Le Brésil était identifié comme nouveau prétendant à une CBDC dès les premières annonces de la Banco Central do Brasil. Plusieurs législateurs cherchent à empêcher que la programmabilité de la monnaie ne permette à l’État de restreindre certains types de dépenses ou de tracer les transactions individuelles.

Ces 2 textes sont-ils cohérents entre eux ?

En apparence contradictoires, ils reflètent une même logique : encadrer juridiquement l’argent numérique avant que son usage ne dépasse les capacités de régulation. L’un donne plus de pouvoir aux juges sur les cryptos privées, l’autre restreint les prérogatives de l’État sur sa propre monnaie.

Le Brésil rejoint ainsi les pays qui traitent simultanément la criminalité crypto et les ransomwares résistants et les libertés civiles dans un contexte de numérisation accélérée. Des initiatives comparables ont émergé ailleurs : le Canada a interdit les distributeurs de crypto pour lutter contre les arnaques. Pas de hasard. Ces 2 préoccupations convergent partout où la numérisation monétaire s’accélère.

Lecture CryptoActu La simultanéité des 2 textes est révélatrice : le Brésil ne choisit pas entre répression et protection des libertés, il tente de calibrer les 2 en même temps. C’est une approche plus sophistiquée que la plupart des cadres réglementaires en cours en Europe ou en Asie, où les 2 questions sont traitées séparément, avec les incohérences que cela produit.

À retenir

Le Brésil avance sur 2 fronts distincts : gel judiciaire des cryptos dans les enquêtes pénales, et limitation constitutionnelle des usages du real numérique. À surveiller : le vote à la CCJ dans les prochains jours, et l’éventuel durcissement des garde-fous CBDC en séance plénière.

Questions fréquentes

Qu’est-ce que le gel judiciaire des cryptos au Brésil ?
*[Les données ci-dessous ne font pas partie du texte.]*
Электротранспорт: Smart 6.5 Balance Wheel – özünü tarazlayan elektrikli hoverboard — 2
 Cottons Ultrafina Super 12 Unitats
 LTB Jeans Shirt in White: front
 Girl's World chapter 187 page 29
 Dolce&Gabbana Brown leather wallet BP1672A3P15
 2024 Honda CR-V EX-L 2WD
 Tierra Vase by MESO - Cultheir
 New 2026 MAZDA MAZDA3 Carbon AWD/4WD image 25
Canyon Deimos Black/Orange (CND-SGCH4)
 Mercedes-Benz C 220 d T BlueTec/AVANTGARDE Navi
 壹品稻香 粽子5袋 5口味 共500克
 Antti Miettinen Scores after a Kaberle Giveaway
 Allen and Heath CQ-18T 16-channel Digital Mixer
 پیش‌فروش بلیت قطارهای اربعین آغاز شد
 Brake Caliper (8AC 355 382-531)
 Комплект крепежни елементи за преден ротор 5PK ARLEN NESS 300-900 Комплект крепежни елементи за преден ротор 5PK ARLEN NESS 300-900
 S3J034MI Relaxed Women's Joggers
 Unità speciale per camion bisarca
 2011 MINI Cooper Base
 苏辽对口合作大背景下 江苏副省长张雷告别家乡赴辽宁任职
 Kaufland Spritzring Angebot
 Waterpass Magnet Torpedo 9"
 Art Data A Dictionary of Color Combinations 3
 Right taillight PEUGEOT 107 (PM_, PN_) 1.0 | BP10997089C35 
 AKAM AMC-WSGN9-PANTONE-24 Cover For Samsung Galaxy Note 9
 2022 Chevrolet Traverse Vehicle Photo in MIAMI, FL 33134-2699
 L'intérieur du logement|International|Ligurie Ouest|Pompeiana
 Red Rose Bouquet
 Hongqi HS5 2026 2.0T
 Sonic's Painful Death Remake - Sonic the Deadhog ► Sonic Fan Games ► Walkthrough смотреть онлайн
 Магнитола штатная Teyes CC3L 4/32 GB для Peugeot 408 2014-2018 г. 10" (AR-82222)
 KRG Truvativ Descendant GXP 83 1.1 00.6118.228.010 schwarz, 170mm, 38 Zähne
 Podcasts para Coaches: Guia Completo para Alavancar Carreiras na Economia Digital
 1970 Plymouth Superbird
Il s’agit d’une mesure qui permet aux juges brésiliens d’ordonner le blocage des avoirs numériques détenus sur des exchanges, au même titre que les comptes bancaires classiques. Le texte adopté par la CFT porte également les peines pour attaques informatiques à 6-10 ans de prison.

Quelles sont les interdictions prévues pour la CBDC brésilienne ?

Le projet de loi interdit au real numérique de remplacer le cash, de servir à la surveillance des citoyens, et impose de prévenir l’exclusion financière. Ces garde-fous visent les populations non bancarisées et limitent la programmabilité de la monnaie d’État.

Où en est le calendrier législatif de ces 2 textes ?

Le texte sur le gel des cryptos attend son passage devant la commission constitutionnelle (CCJ), prévu dans les prochains jours. Pour la CBDC, aucune date de vote définitif n’est arrêtée. Les 2 projets restent susceptibles d’amendements avant adoption finale.